During the winter of 1979/80 the aircraft was re-engined with uprated Gem 4 engines and, in May 1980. It continued to carry the civil registration for non-military demonstration flights. Following tours in Sweden, Switzerland and the Middle East, the aircraft was used for various equipment trials until 1983, when it was fitted with two Gem 60 engines for tests. Following these it was stored for two years before being re-worked in mid-1986 for an attempt on the Helicopter World Air Speed Record.

Modification included the addition of water methanol injection to the specially rated Gem 60 engines, an unprated Westland WG 30 main gearbox, aft exhaust jet pipes, installation of the tailplane and offset vertical fins from the WG 30 prototype to counteract the increased torque, and a general clean-up and sealing of the airframe to minimise drag. The single most important change however was the installation of an early set of BERP (British Experimental Rotor Programme) main rotor blades, a unique design using composite materials to shape the blade profile and allow the rotor to produce more lift and power.

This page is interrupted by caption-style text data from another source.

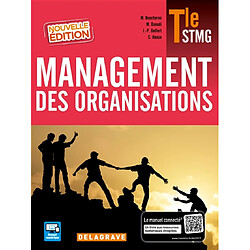 Management des organisations, terminale STMG - Occasion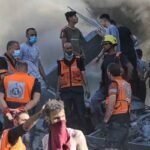 গাজায় ইসরাইলি হামলায় জাতিসংঘের শতাধিক কর্মী নিহত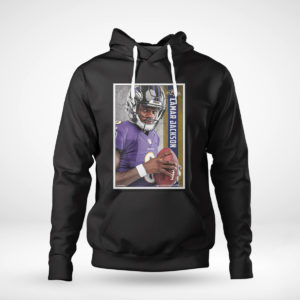 Unisex Hoodie Lamar Jackson Baltimore Ravens T Shirt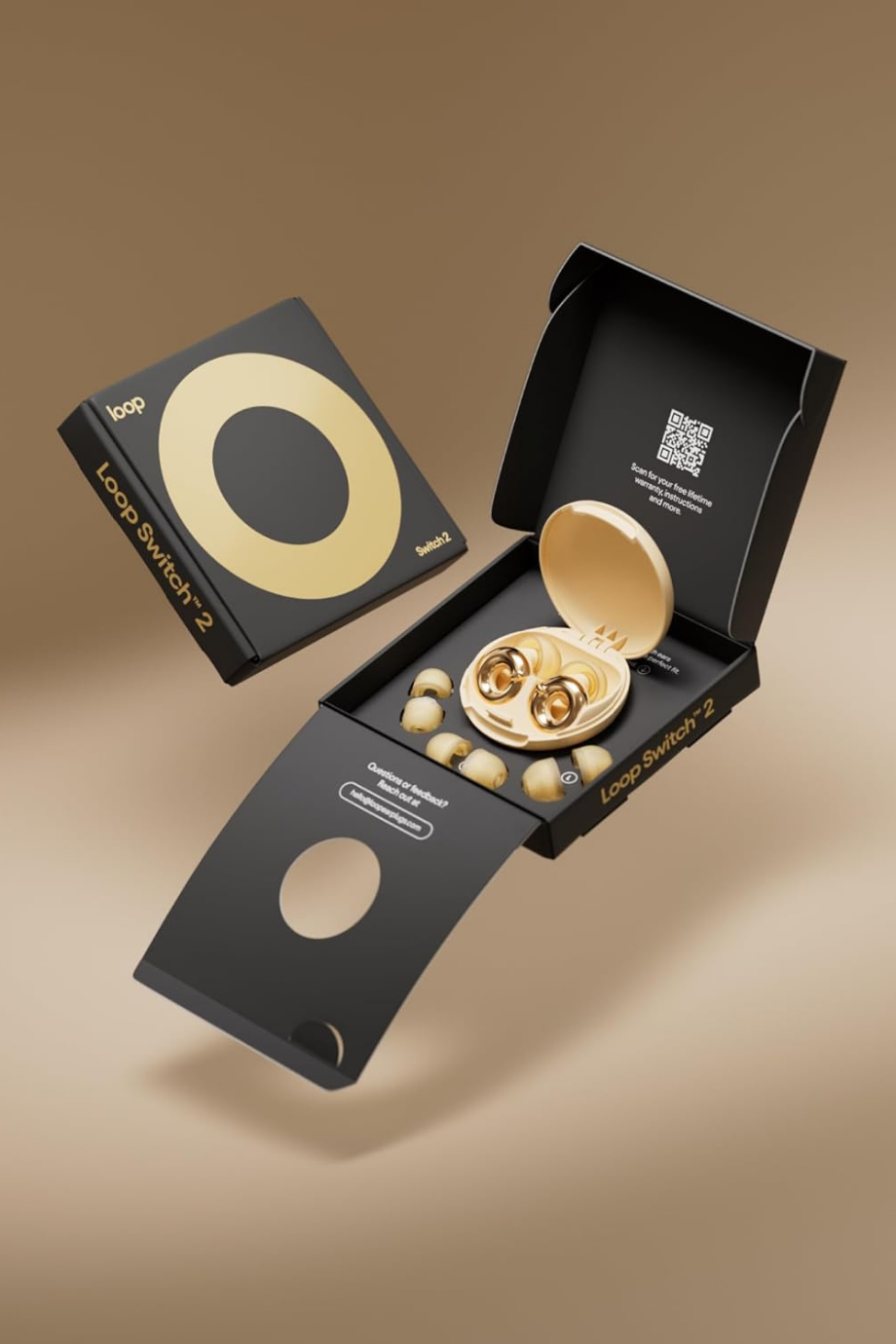 Switch 2 Ayarlanabilir Kulak Tıkacı 3 Modlu Gürültü Azaltma Taşıma Çantası ile Birlikte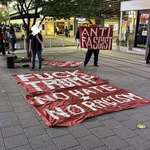 image for Anti Fascism Demonstration near Shinjuku Station in Tokyo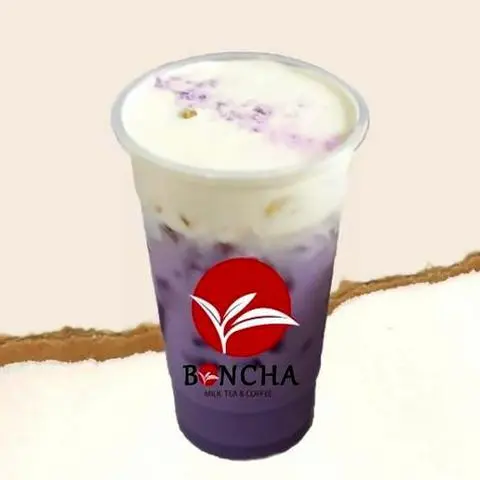Hình ảnh Khoai môn Machiato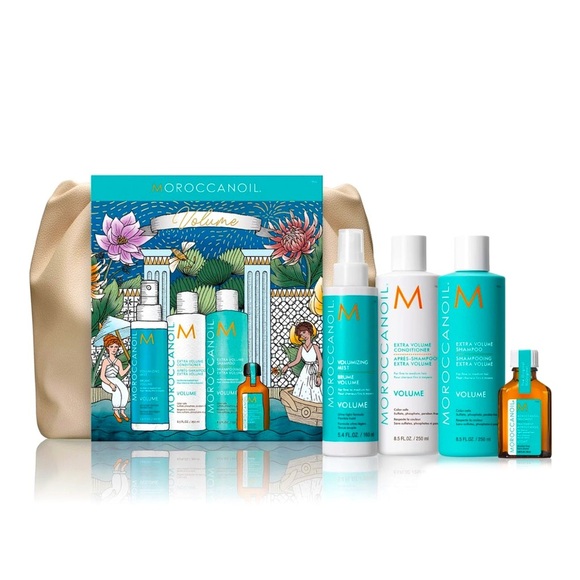 Moroccanoil Other - MOROCCANOIL Volume Shampoo, Volume Conditioner, Volume Mist and Light Treatment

This profile included a swept 'paddle' tip which slowed down the local airflow and kept speed below Mach 1, preventing the build up of airflow turbulence which normally destroys the aerodynamic lift at higher speeds and thus stops a helicopter from going faster. (The BERP blade concept is now standard on the Lynx and EH101 helicopters).

Following the modification work G-LYNX was reflown on 1st of August 1986 and, following several trial runs, made the actual record attempt on 11th of August over a measured 15km (9 mile) route between Hartlake Bridge and West Huntspill, on the Somerset Levels. The final speed, verified by the FAI, was 400.87 km/h (249.09 mph), a nine percent increase over the previous record set in 1978 by a modified Russian Mil Mi-24

After setting the new world speed record, G-LYNX appeared at the 1986 Farnborough Air Show, and then went into storage except for a brief static appearance at the 1988 Farnborough Air Show, with a mock-up Lynx Mk.9 wheeled undercarriage. The in 1991 the aircraft was modified for flight tests with new 1350 shp LHTEC T800 engines, first flying with this powerplant on 25th September 1991. Later that year, as ZB500, the aircraft was repainted into a new matt desert camouflage colour scheme, but the trials ended soon afterwards and by mid-1992 the helicopter was again in storage with the engines and transmission removed.

In late 1994, Westland agreed to transfer the stripped aircraft to The Helicopter Museum for display and on 19th January 1995 it was relocated to the Helicopter Museum. Although initially on loan for continued spares recovery, ownership was transferred five years later and, so G-LYNX became part of the permanent collection in January 2000. The Museum had meanwhile sourced a main rotorhead, main gearbox, the original BERP blades and other missing components for restoration back into the record-breaking configuration. For this purpose, the original WG30 tail unit and other special components modified for the record attempt, plus two Gem 60 engines, were sent with the aircraft to Westland for installation. The helicopter remained at Yeovil until 8th July 2011 before returning to Weston-Super-Mare for permanent display.

World speed record holder: 400.87 km/h (249.09 mph).